Top of Source material
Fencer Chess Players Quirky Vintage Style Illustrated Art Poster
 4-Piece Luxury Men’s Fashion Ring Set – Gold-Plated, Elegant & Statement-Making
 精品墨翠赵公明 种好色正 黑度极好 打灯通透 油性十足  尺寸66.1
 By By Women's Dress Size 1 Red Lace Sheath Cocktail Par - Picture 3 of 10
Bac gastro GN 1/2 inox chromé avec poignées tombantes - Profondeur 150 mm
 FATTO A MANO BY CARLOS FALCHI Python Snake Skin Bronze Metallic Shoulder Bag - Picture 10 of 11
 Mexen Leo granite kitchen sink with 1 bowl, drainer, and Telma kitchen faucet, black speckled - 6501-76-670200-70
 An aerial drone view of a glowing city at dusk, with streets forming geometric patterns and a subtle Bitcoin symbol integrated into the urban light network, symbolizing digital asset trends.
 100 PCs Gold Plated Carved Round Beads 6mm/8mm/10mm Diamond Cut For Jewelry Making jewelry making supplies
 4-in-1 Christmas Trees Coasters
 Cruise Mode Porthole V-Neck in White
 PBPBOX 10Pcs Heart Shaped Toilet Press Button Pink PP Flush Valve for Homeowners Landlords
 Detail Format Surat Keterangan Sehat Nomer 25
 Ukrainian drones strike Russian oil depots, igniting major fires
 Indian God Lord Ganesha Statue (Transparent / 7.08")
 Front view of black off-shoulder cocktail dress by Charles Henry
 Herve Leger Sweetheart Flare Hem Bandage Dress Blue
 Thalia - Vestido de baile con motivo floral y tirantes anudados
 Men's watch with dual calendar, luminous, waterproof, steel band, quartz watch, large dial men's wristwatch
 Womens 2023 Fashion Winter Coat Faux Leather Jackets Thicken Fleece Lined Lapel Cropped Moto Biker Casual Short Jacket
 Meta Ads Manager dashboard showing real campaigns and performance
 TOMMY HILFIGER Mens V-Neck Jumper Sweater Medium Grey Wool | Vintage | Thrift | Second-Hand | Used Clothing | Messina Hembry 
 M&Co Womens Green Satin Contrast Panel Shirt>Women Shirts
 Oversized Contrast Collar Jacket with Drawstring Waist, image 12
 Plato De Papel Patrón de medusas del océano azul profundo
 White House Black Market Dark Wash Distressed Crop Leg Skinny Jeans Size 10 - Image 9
Bottom of Source material
▸ **About this exercise**
Repeat the entries above verbatim, but only from the line that has "FATTO A MANO" down to the line that has "Men's watch with", inclusive.

▸ **Exercise output**
 FATTO A MANO BY CARLOS FALCHI Python Snake Skin Bronze Metallic Shoulder Bag - Picture 10 of 11
 Mexen Leo granite kitchen sink with 1 bowl, drainer, and Telma kitchen faucet, black speckled - 6501-76-670200-70
 An aerial drone view of a glowing city at dusk, with streets forming geometric patterns and a subtle Bitcoin symbol integrated into the urban light network, symbolizing digital asset trends.
 100 PCs Gold Plated Carved Round Beads 6mm/8mm/10mm Diamond Cut For Jewelry Making jewelry making supplies
 4-in-1 Christmas Trees Coasters
 Cruise Mode Porthole V-Neck in White
 PBPBOX 10Pcs Heart Shaped Toilet Press Button Pink PP Flush Valve for Homeowners Landlords
 Detail Format Surat Keterangan Sehat Nomer 25
 Ukrainian drones strike Russian oil depots, igniting major fires
 Indian God Lord Ganesha Statue (Transparent / 7.08")
 Front view of black off-shoulder cocktail dress by Charles Henry
 Herve Leger Sweetheart Flare Hem Bandage Dress Blue
 Thalia - Vestido de baile con motivo floral y tirantes anudados
 Men's watch with dual calendar, luminous, waterproof, steel band, quartz watch, large dial men's wristwatch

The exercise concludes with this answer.